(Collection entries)

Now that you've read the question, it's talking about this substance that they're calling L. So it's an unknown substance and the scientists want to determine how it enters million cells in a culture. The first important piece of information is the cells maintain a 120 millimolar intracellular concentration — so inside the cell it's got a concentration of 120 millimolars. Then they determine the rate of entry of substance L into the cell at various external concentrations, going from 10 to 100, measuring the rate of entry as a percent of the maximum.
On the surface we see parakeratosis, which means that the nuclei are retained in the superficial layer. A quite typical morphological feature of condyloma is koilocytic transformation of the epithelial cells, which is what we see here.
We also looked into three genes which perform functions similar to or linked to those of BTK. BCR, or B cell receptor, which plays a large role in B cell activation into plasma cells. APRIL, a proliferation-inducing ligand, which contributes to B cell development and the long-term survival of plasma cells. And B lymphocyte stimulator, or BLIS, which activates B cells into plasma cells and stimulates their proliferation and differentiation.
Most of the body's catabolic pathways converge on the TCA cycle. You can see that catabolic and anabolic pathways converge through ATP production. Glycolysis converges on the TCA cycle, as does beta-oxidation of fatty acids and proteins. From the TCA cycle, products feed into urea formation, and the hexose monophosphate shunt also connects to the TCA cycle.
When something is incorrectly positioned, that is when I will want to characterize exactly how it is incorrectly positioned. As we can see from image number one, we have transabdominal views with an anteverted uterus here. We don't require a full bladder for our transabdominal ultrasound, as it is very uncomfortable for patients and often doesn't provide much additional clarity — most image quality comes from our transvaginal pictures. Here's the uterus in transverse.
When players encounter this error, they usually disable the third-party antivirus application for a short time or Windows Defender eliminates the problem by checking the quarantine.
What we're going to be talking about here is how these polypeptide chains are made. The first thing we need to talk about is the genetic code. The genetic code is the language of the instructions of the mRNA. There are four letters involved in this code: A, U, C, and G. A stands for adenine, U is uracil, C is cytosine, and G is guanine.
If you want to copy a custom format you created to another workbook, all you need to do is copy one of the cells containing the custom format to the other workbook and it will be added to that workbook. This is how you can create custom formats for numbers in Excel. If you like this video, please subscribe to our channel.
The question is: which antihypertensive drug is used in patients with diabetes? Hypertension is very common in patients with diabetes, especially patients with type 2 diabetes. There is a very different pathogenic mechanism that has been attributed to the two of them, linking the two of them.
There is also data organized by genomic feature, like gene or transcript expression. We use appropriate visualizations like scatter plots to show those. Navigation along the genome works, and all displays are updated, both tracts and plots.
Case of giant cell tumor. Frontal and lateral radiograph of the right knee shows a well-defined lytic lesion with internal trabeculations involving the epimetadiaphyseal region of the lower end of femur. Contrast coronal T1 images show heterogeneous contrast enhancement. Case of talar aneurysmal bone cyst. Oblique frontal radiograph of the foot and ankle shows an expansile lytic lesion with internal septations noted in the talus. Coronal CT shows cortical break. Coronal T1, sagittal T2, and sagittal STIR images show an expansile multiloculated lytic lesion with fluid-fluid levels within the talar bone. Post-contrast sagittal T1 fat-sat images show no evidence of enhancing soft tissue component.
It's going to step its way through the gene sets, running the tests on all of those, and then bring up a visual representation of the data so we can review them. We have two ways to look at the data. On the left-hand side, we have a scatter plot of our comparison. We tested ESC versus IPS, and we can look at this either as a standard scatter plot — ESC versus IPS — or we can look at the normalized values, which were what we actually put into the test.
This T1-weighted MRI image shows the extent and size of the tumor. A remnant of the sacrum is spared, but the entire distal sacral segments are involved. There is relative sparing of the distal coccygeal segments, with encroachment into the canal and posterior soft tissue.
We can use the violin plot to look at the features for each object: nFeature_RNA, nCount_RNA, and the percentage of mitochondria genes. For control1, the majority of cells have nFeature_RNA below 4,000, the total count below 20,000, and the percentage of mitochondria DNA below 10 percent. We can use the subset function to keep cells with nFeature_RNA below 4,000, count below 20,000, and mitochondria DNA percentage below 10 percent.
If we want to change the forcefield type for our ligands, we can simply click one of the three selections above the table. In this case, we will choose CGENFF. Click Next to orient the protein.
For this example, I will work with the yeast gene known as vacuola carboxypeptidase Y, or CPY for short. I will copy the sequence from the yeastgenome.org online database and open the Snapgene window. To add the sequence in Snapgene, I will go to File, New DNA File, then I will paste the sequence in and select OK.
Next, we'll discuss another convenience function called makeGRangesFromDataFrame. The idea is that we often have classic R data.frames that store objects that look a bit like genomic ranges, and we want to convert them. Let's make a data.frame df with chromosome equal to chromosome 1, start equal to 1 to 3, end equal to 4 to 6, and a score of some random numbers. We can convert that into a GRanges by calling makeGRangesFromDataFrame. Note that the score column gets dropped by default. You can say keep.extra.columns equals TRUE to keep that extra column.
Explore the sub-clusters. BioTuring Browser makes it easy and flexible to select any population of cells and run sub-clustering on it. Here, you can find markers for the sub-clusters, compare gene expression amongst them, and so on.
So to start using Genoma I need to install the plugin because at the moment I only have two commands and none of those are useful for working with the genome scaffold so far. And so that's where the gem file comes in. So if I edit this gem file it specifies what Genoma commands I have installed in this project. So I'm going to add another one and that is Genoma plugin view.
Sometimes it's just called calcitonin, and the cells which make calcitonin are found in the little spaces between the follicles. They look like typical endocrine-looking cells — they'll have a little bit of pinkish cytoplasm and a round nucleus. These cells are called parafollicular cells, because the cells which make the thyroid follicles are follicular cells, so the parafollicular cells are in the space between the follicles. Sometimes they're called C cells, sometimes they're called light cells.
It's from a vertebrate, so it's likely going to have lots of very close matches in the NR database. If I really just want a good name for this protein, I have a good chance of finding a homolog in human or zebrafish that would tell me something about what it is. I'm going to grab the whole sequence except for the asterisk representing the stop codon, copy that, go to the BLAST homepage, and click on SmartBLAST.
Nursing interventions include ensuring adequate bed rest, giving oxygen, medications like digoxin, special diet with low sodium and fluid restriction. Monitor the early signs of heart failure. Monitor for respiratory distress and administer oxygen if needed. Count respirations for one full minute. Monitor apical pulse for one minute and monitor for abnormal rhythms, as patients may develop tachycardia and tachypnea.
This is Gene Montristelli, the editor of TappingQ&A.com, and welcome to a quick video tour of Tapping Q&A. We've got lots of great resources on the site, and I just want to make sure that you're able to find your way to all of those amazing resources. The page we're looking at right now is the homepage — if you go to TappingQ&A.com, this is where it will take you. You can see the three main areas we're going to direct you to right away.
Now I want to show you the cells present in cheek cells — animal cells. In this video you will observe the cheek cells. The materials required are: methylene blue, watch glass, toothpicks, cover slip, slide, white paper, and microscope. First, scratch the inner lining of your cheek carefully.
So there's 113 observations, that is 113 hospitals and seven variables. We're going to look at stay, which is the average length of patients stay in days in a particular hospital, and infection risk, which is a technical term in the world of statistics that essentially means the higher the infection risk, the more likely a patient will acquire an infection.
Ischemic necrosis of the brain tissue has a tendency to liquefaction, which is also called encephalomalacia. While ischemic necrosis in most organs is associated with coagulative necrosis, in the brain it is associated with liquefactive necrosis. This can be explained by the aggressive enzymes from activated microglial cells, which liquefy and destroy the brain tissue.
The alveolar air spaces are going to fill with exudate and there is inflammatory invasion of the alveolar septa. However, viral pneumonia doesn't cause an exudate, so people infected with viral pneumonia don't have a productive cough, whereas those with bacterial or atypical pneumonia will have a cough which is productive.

▶ _Exercise brief_
From the entries above, copy every line where the word "video" shows up.

▶ _Response box_
If you want to copy a custom format you created to another workbook, all you need to do is copy one of the cells containing the custom format to the other workbook and it will be added to that workbook. This is how you can create custom formats for numbers in Excel. If you like this video, please subscribe to our channel.
This is Gene Montristelli, the editor of TappingQ&A.com, and welcome to a quick video tour of Tapping Q&A. We've got lots of great resources on the site, and I just want to make sure that you're able to find your way to all of those amazing resources. The page we're looking at right now is the homepage — if you go to TappingQ&A.com, this is where it will take you. You can see the three main areas we're going to direct you to right away.
Now I want to show you the cells present in cheek cells — animal cells. In this video you will observe the cheek cells. The materials required are: methylene blue, watch glass, toothpicks, cover slip, slide, white paper, and microscope. First, scratch the inner lining of your cheek carefully.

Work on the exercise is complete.